Changes in Existing Law
In compliance with subsection 12 of rule XXVI of the
Standing Rules of the Senate, changes in existing law made by
H.R. 65, as reported, are shown as follows (existing law
proposed to be omitted is enclosed in black brackets, new
matter is printed in italic, existing law in which no change is
proposed is shown in roman). Enactment of H.R. 65 would affect
no changes in existing law except the following amendments to
the Act of June 7, 1956:
Public Law 84-570
AN ACT Relating to the Lumbee Indians of North Carolina.
Whereas many Indians now living in Robeson and adjoining
counties are descendants of that once large and prosperous
tribe which occupied the lands along the Lumber River at the
time of the earliest white settlements in that section; [and]
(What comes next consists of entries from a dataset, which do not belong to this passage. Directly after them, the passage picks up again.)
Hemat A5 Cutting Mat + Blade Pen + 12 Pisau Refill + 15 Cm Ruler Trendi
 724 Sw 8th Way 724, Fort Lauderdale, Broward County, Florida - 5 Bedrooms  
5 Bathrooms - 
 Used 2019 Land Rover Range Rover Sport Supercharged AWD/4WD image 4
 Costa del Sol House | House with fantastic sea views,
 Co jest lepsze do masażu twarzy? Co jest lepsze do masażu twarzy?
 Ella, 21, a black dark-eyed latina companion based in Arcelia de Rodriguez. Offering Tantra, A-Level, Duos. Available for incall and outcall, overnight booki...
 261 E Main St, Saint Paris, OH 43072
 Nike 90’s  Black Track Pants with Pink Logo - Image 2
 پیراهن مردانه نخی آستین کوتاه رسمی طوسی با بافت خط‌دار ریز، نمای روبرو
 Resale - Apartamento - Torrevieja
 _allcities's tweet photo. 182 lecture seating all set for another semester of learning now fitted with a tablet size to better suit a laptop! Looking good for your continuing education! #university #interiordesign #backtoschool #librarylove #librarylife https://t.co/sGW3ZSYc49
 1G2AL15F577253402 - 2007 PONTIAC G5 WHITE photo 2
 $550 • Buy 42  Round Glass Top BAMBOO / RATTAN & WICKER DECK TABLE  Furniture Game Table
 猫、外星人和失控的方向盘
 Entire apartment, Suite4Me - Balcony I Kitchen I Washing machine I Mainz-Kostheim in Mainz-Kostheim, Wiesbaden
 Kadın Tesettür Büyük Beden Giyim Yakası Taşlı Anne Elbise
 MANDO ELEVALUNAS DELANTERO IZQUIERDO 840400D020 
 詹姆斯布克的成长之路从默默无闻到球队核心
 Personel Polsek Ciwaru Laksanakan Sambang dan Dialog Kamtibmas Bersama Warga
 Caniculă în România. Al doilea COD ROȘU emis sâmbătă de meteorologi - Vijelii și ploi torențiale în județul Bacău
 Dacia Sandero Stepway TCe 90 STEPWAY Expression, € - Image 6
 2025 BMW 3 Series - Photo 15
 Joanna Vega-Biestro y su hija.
Whereas at the time of their first contacts with the
colonists, these Indians were a well-established and
distinctive people living in European-type houses in settled
towns and communities, owning slaves and livestock, tilling the
soil, and practicing many of the arts and crafts of European
civilization; [and]
Whereas by reason of tribal legend, coupled with a
distinctive appearance and manner of speech and the frequent
recurrence among them of family names such as Oxendine,
Locklear, Chavis, Drinkwater, Bullard, Lowery, Sampson, and
others, also found on the roster of the earliest English
settlements, these Indians may, with considerable show of
reason, trace their origin to an admixture of colonial blood
with certain coastal tribes of Indians; [and]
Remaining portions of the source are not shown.